0                 (-0.09999999999999999, 0.575)
1                                    (0.0, 0.0)
2                                    (0.0, 0.0)
3    (0.014090909090909083, 0.6594444444444445)
4                                    (0.0, 0.0)
Name: text, dtype: object

Above, you can see that it returns a tuple representing polarity and subjectivity of each tweet. Here, we only extract polarity as it indicates the sentiment as value nearer to 1 means a positive sentiment and values nearer to -1 means a negative sentiment.

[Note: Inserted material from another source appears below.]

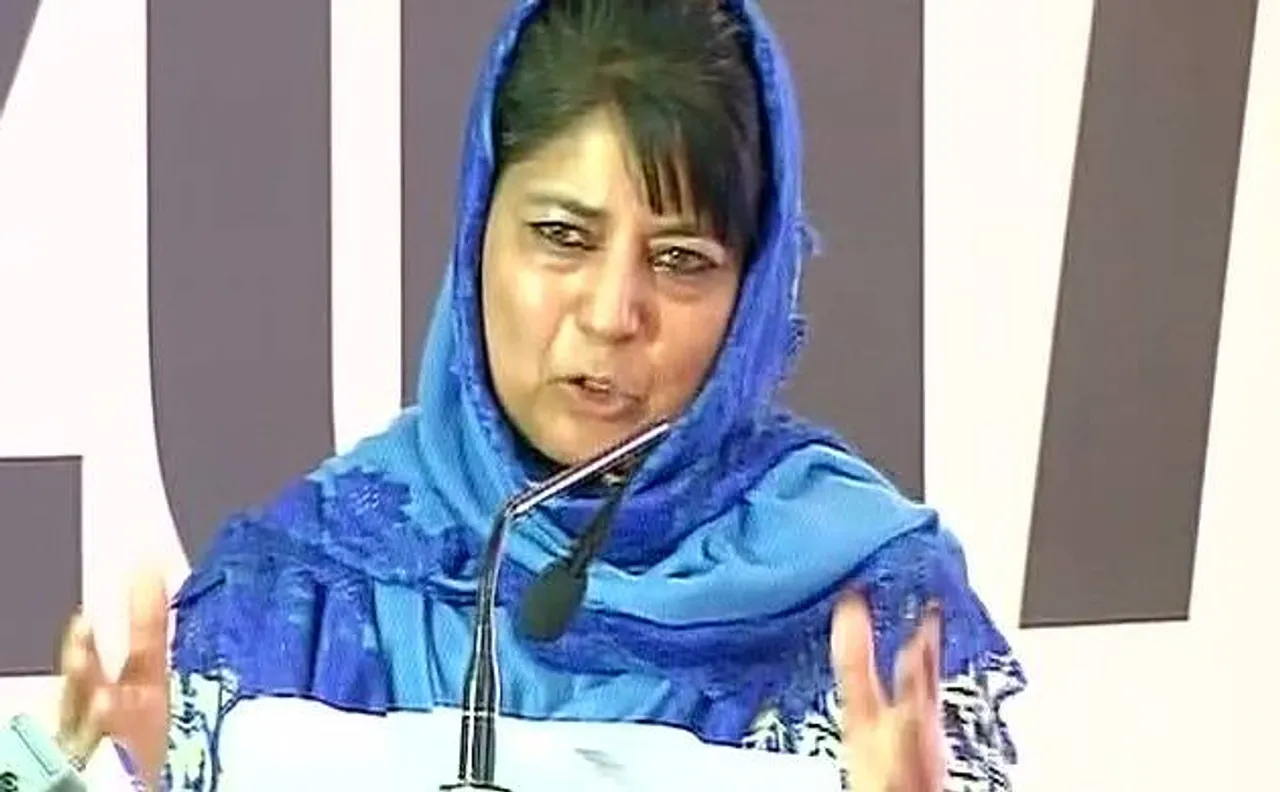 Chaos at tourism event after AAP's Kapil Mishra taunts Mehbooba Mufti on terrorism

This can also work as a feature for building a machine learning model.

In [150]:
train['sentiment'] = train['text'].apply(lambda x: TextBlob(x).sentiment[0] )
train[['text','sentiment']].head()

Unnamed: 0,text,sentiment
0,album hip hop side current pop sound hype list...,-0.1
1,flavor,0.0
2,flavor,0.0
3,read review looking buying one couple lubrican...,0.014091
4,husband bought gel u gel caused irritation fel...,0.0


#### Hashing with HashingVectorizer

***HashingVectorizer***

The HashingVectorizer class implements this approach that can be used to consistently hash words, then tokenize and encode documents as needed.

In [162]:
from sklearn.feature_extraction.text import HashingVectorizer
# create the transform
vectorizer = HashingVectorizer(n_features=20)
# encode document
vector = vectorizer.transform(train['text'])

vector

<70967x20 sparse matrix of type '<class 'numpy.float64'>'
	with 648047 stored elements in Compressed Sparse Row format>

In [163]:
train['text'][:5].apply(lambda x: TextBlob(x).sentiment)

0                 (-0.09999999999999999, 0.575)
1                                    (0.0, 0.0)
2                                    (0.0, 0.0)
3    (0.014090909090909083, 0.6594444444444445)
4                                    (0.0, 0.0)
Name: text, dtype: object

In [164]:
train['sentiment'] = train['text'].apply(lambda x: TextBlob(x).sentiment[0] )
train[['text','sentiment']].head()

Unnamed: 0,text,sentiment
0,album hip hop side current pop sound hype list...,-0.1
1,flavor,0.0
2,flavor,0.0
3,read review looking buying one couple lubrican...,0.014091
4,husband bought gel u gel caused irritation fel...,0.0


These methods will help in extracting more information which in return will help you in building better models.